I keep track of indicators that often signal warnings before market crashes. In reviewing the current market, there are a number of sectors that seem to be in danger of a collapse. But most worrisome is that two sectors that are considered ultra-safe look set to crash.

It seems like after the strong year-to-date gains we've seen in the stock market, there should now be some high-risk stocks set up to fall. That is what usually happens after strong moves up. Instead, I was surprised to find a number of so-called safe-havens on the "crash-watch" list, and very few tech stocks or other high-fliers. This seems like the kind of thing we'd see right before the stock market takes off as it does to form a bubble top. While we might be able to get gains out of the stock market in general, there are two sectors that look as if they are breaking down and could hurt traders who allocate part of their portfolio to these investments.

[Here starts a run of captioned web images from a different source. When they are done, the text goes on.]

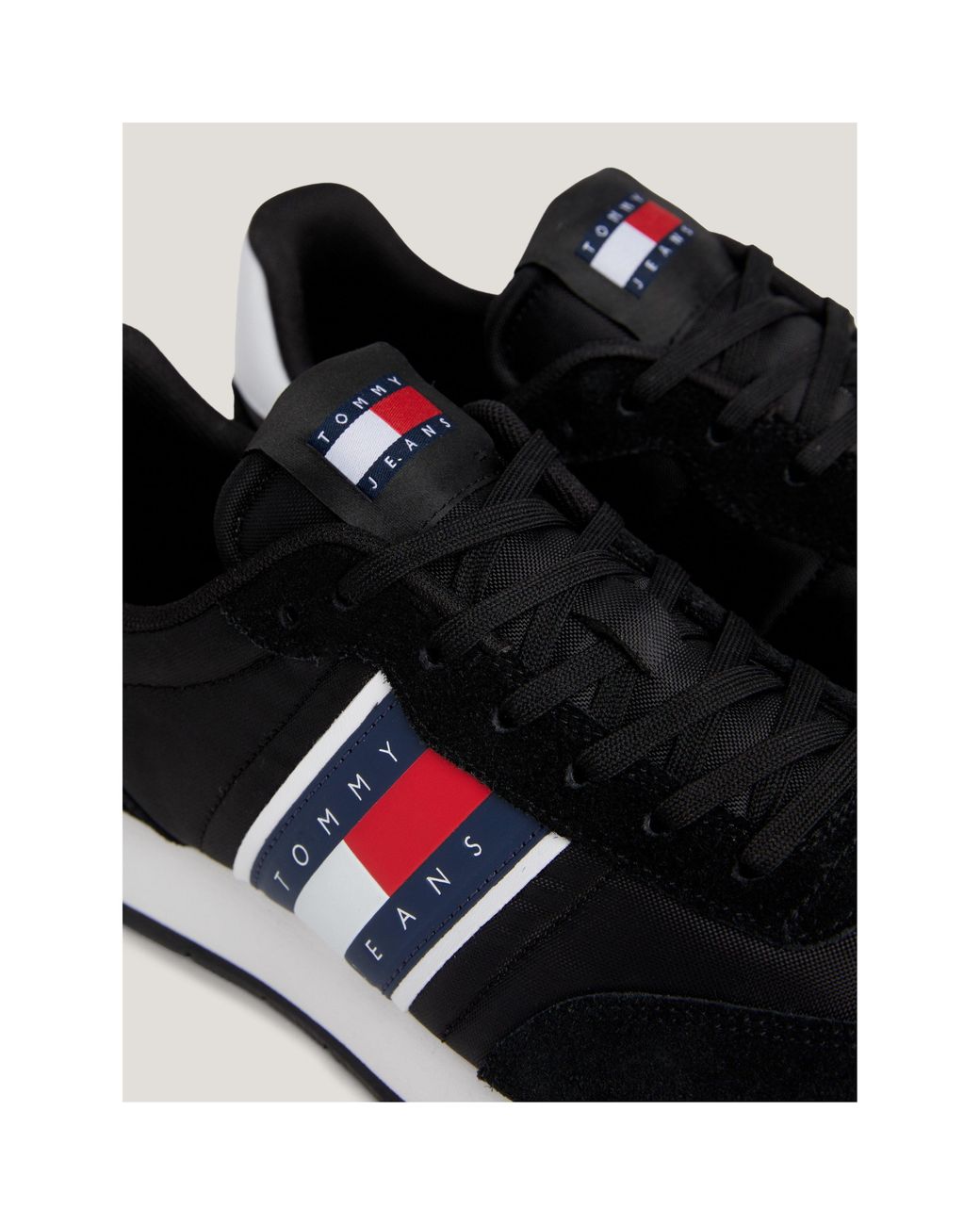 Tommy Hilfiger Black Runner Casual Ess Trainers for men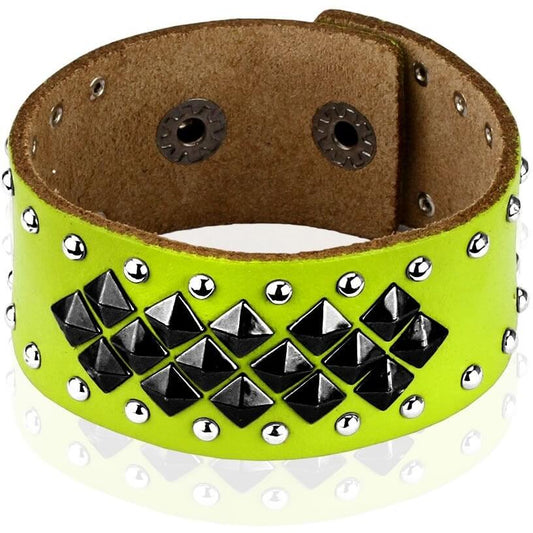 Bracelet Rivets Vert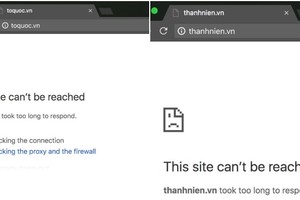 數據中心停電若干電子報無法登入。（圖源：互聯網）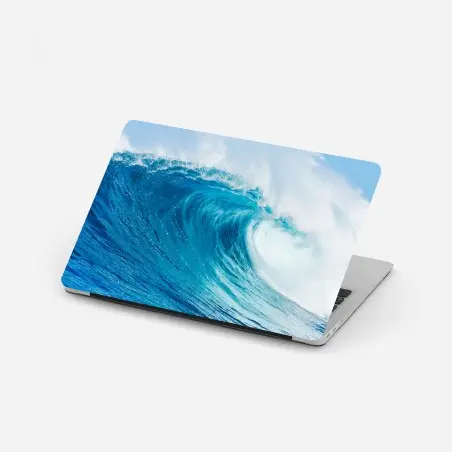 Adesivo per laptop maestosa onda turchese dell'oceano • Wallissimo®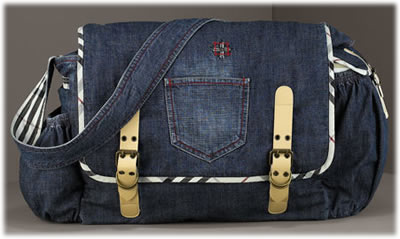 Burberry Denim Messenger Diaper Bag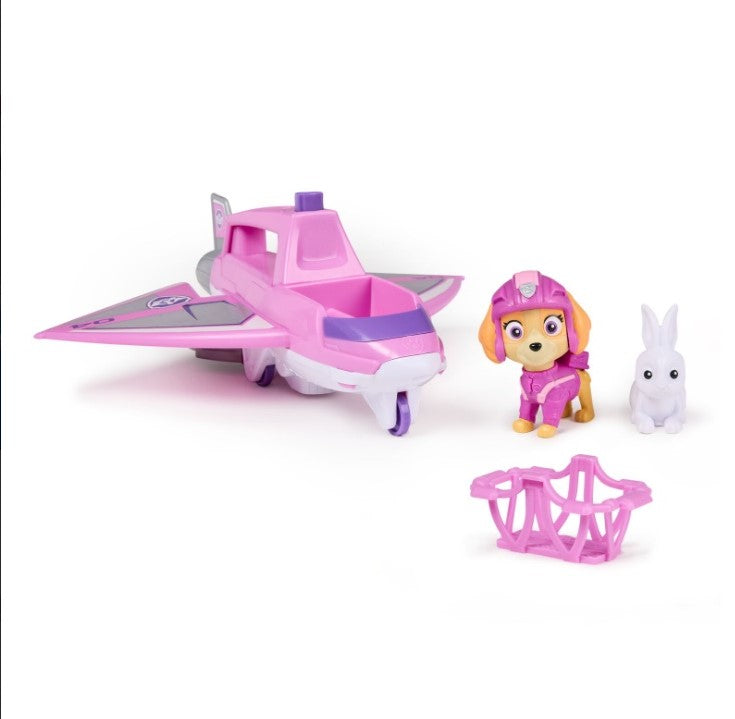 White Smoke Paw Patrol Air Rescue Skye HALSON ENTERPRISE pawpatrolskyeclawjet1.jpg Action Figures and Play Sets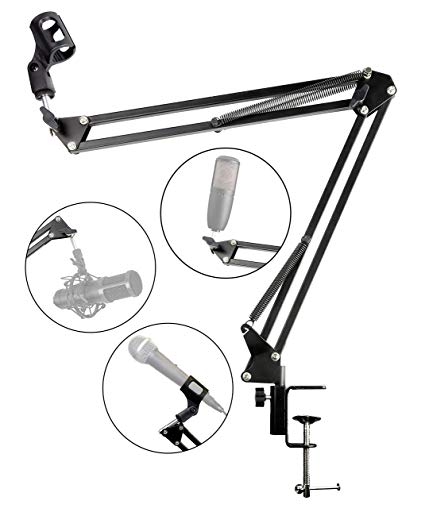 425x508 Rockjam Scissor Arm Microphone Stand Musical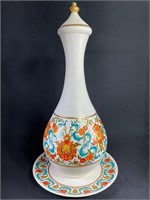 Turkish Vase W/ Lid & Saucer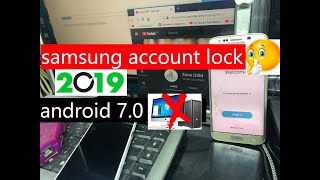 How to bypass samsung account lock  reactivation lock android 70 on s6  s6Edge Best and easy way [upl. by Madelena]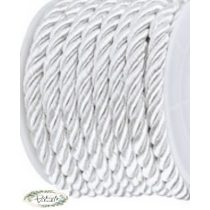 5mm x 5m zsinór fényes,metál,fehér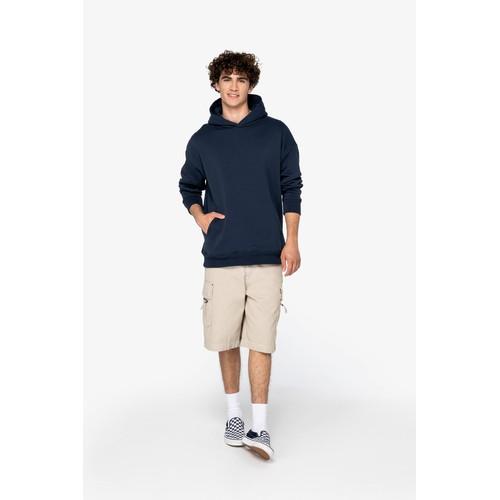 Eco-friendly unisex oversized hooded sweatshirt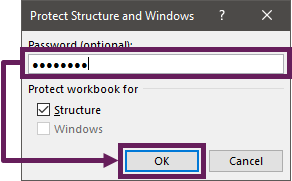 Re-enter workbook protect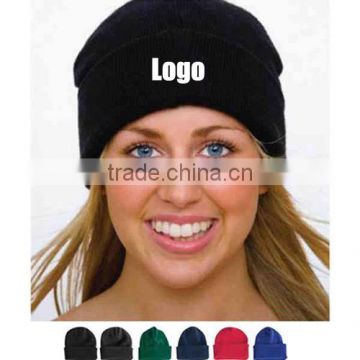 Warm Acrylic Winter Ski Long Knitted Watchcap Beanie Hat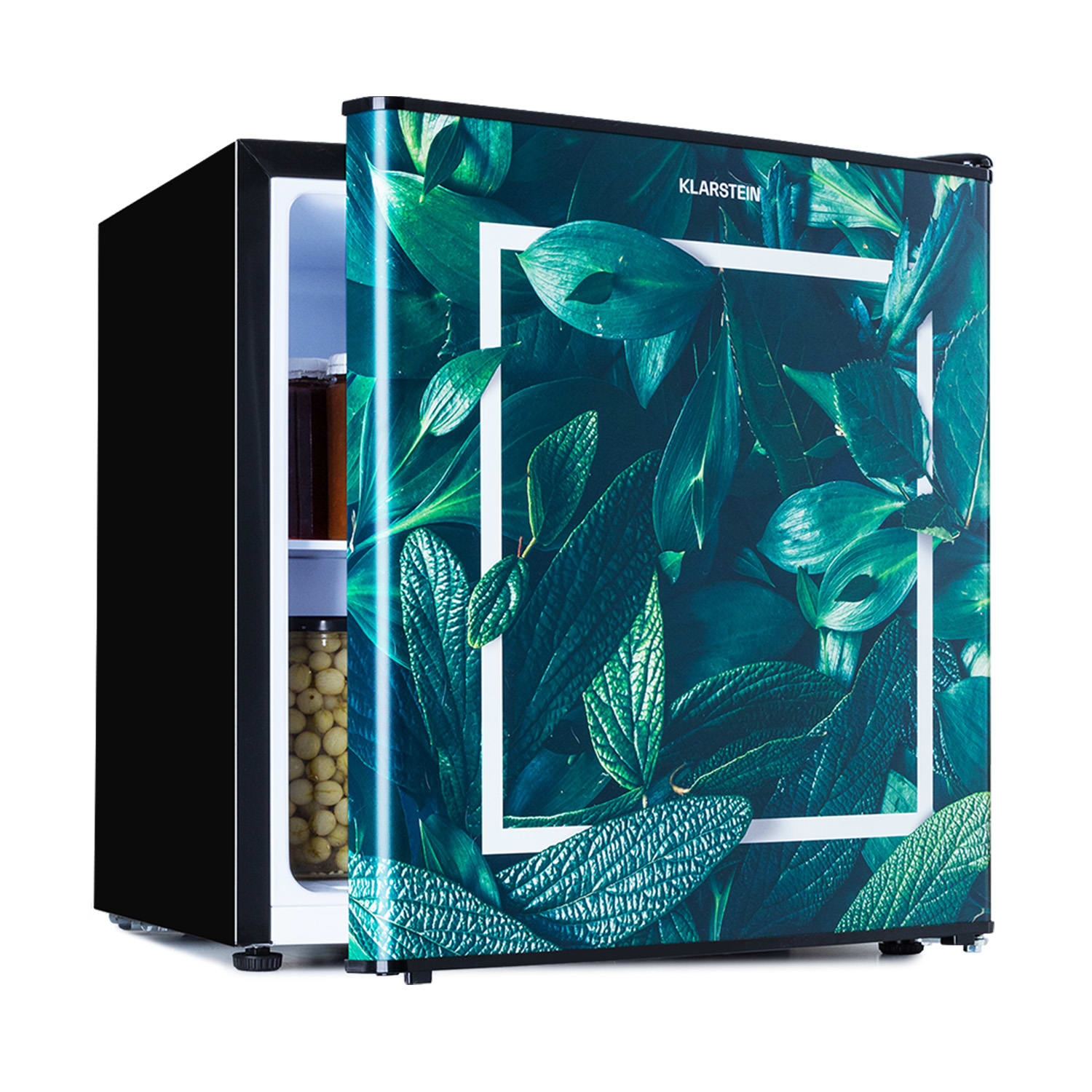 CoolArt 45L Mini-Kühlschrank EEK F Gefrierfach 1,5l Designtür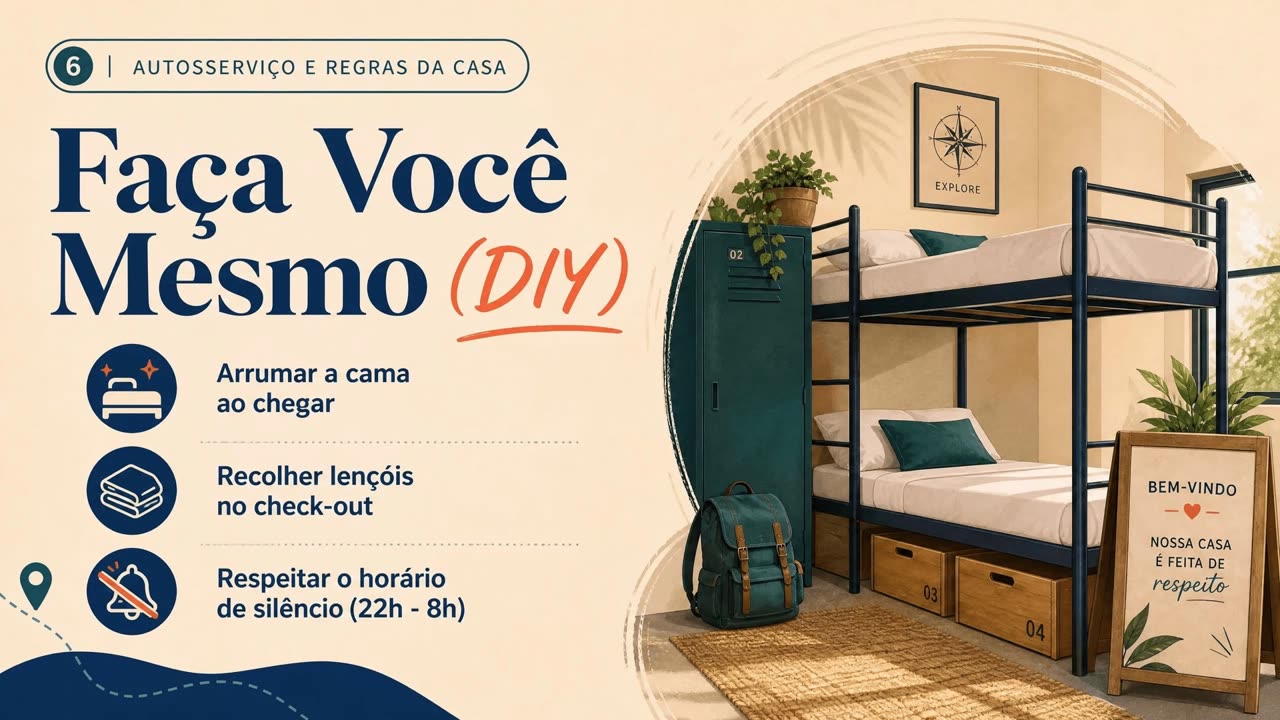 Faça você mesmo: autosserviço e regras da casa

The first sector is a traditional conservative investment: municipal bonds. Mutual fund investors have been flooding the municipal bond market with cash. Bloomberg reported that buyers have outnumbered sellers of muni bond funds for 18 straight weeks, investing $964 million just last week. Some of the buying is probably driven by the approach of the "fiscal cliff" at the end of the year, which would raise income taxes and make tax-free income more appealing. This is a $3.7 trillion market where many issues are insured against default, but I show more than 20 different closed-end municipal bond funds giving a crash signal right now.

These signals show up on the weekly charts, and were all given before we learned that Warren Buffett turned bearish on munis. Buffett's Berkshire Hathaway (NYSE: BRK-B) cancelled more than $8 billion worth of derivative contracts that insured buyers against muni defaults. That news indicates Buffett looks at munis as a risky trade right now with defaults likely to become a concern, and the relative strength index (RSI) confirms that.

The crash signal that so many municipal bonds are showing this week occurs when RSI breaks below the lower Bollinger Band drawn on the indicator. RSI is a momentum indicator and technical analysts believe that momentum moves ahead of the price. Bollinger Bands can be added to the indicator, which show when momentum is moving very quickly. If downside momentum accelerates sharply, then RSI will likely break below the lower Band and prices tend follow the indicator lower.

By design, these signals are rare and should only be seen about 3% of the time. When they cluster in one sector, it shows that something very unusual and bearish is going on in that sector.

Funds with bonds issued by California, New Jersey, New York, Maryland, Michigan and Ohio have all given a sell signal this week. These funds are thinly traded and could be difficult to short. For traders looking at profiting from a decline in this market, iShares S&P National AMT-Free Municipal Bond (NYSE: MUB) is a possible short, although there is only a small potential gain.